Beginning in March 1966, Diana Rigg wowed American TV audiences with a catsuit in the imported British spy series with the ironic title of The Avengers. That look clearly influenced the new Black Widow who debuted in The Amazing Spider-Man 86 (July 1970).
“It may not be as fancy, but this new costume will be more in keeping with the swingy seventies, and with the modern image of the new Black Widow!” she enthused.

Lacking any actual superpowers, the wall-crawling, line-swinging Black Widow took on Spider-Man to discover the secret of his abilities, and perhaps just to prove she could do it.

“That’s all this blasted town needs!” exclaimed publisher J. Jonah Jameson, sticking his head out a Daily Bugle window. “Another crummy web-swinger… and a female to boot!”

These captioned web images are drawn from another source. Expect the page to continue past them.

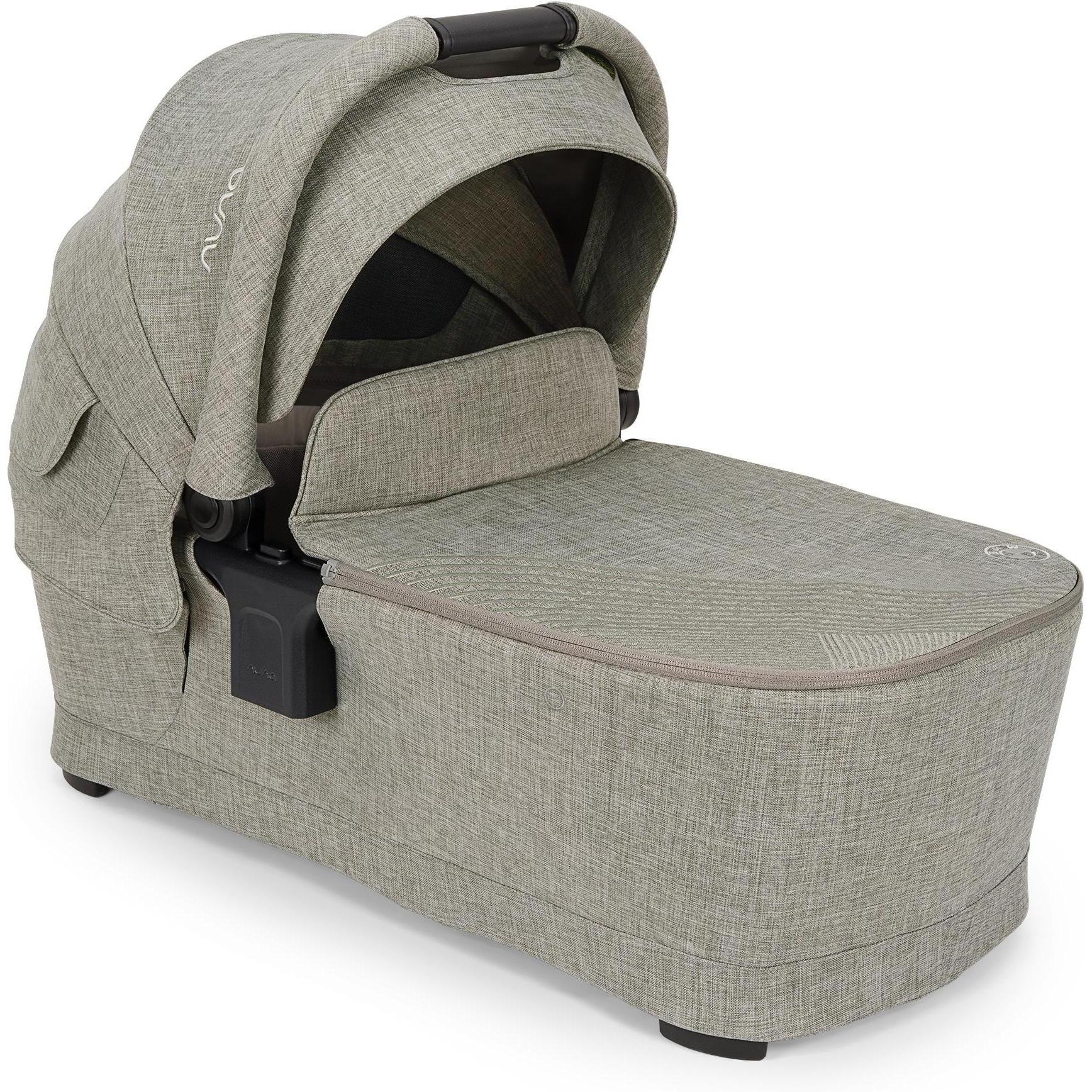 Nuna SWIV & TRIV Series Bassinet + Stand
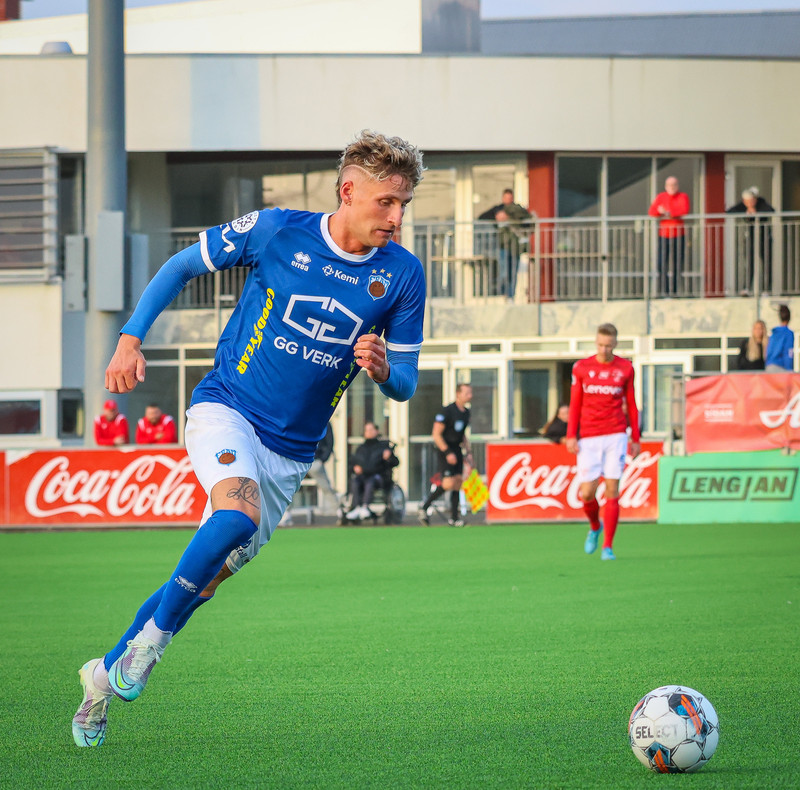 Alex Freyr Elísson.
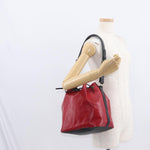 Louis Vuitton Bicolor Petit Noe Handbag Epi Leather - image 14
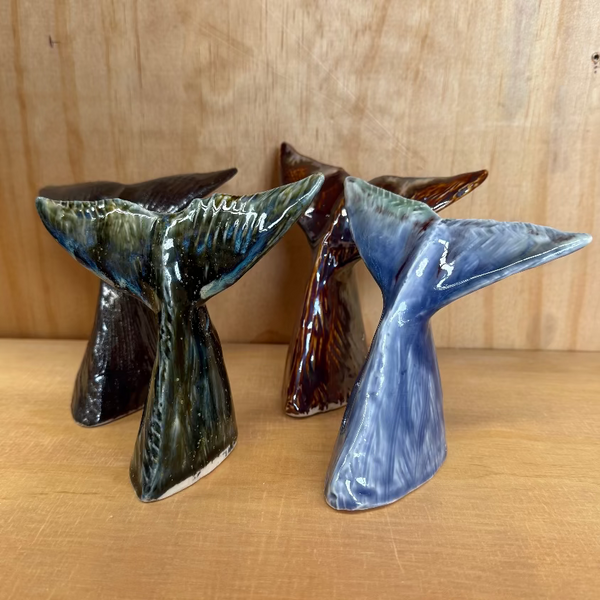 Sam Genet Kaikōura Whale Tail Sculpture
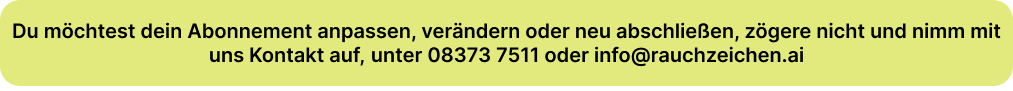 Banner mit Kontaktdaten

Lee had intended the issue as a tryout, and so later that year the Black Widow got her own feature in the revived Amazing Adventures title. That solo series ran only eight issues, but the Widow began a long-running partnership with the Man Without Fear in Daredevil 81 (Nov. 1971), even sharing his cover logo.

“Though even her creators may not have known it at the time, this was Marvel’s second use of the name ‘Black Widow,’” recalled comics historian Don Markstein. “The original Black Widow, who appeared in 1940, was extremely obscure, but a far less run-of-the-mill character than this one.”

The first Black Widow, a psychic who called herself “Claire Voyant,” got her supernatural powers from Satan himself and used them to send evil men to hell.